This achievement has to be qualified with the caveat that a pipeline of delayed external payments has developed since late March, estimated at USD3bn by the IMF. A good proportion of the pipeline consists of the repatriation proceeds of exiting foreign portfolio investors (FPIs).

FX supply at the Investors’ and Exporters’ (I&E) window has picked up over the past three months thanks to flows from local sources (the CBN and local non-bank corporates, principally). That said, the level seen in December was less than half that in the ‘normal’ month of February when fx was available for all end-users.

Total reserves at end-December covered 7.5 months’ merchandise imports per the balance of payments (BoP) for the 12 months to end-June, and 4.8 months when we include imported services.
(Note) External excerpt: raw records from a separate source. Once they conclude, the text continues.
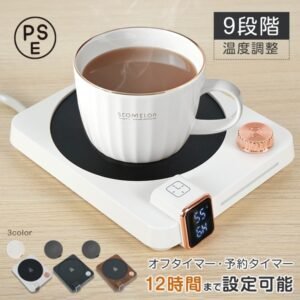 カップウォーマー ドリンクウォーマー コップ保温 9段階温度調整 予約機能 4h自動電源才フ 最大80℃ 軽量 コンパクト コーヒー お茶 飲み物保温 オフィス 家庭用 プレゼント ギフト   cc005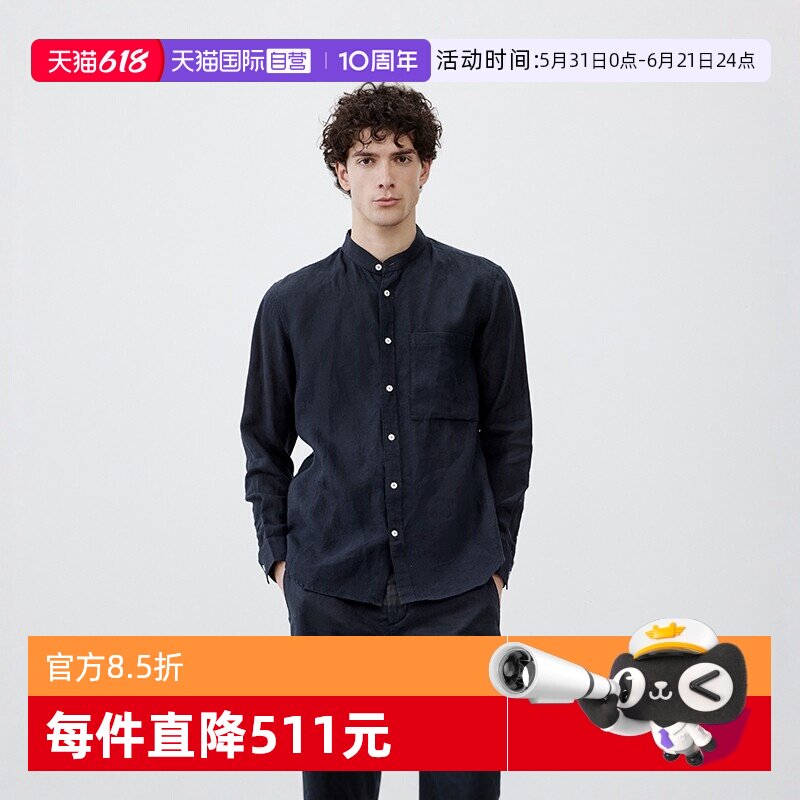 【自营】Marc O'Polo亚麻立领长袖衬衫夏季薄款复古休闲极简风男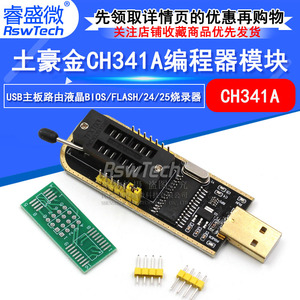 CH341A Programmierer 24 EEPROM BIOS Flash USB-Programmierer der Serie 25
For FPIs there are obvious parallels to be drawn with Egypt. Both countries secured the condition-free IMF credit to tackle external shocks. Further, Egypt has signed up for an orthodox Fund programme, which for many investors has helped it to develop a better credit story. There are no payments pipeline and EM investors have returned in numbers to its local financial markets.

In 2019/20 (July-June) Egypt posted a services surplus of USD9.0bn, compared with Nigeria’s deficit of USD28.2bn in the same period.

CBN’s series shows merely FX without SDR holdings and gold. It does not provide any colour on its swap arrangements. At the end of September Fitch estimated such obligations at USD5.4bn. The CBN does share movements on swaps (inflows and outflows) in one of its quarterly publications but not the underlying stock.


For South Africa, FX and gold reserves together totalled USD55.0bn at end-December. We then deduct FX deposits (which were part of FX reserves), the forward position and other transactions to arrive at the figure of USD52.1bn for the international liquidity position in the chart.

The year has opened well for the EM universe in terms of FPI flows. We hear from our good friends at FBN (UK) that net global inflows ytd have amounted to USD2.0bn for bonds and USD2.6bn for equities.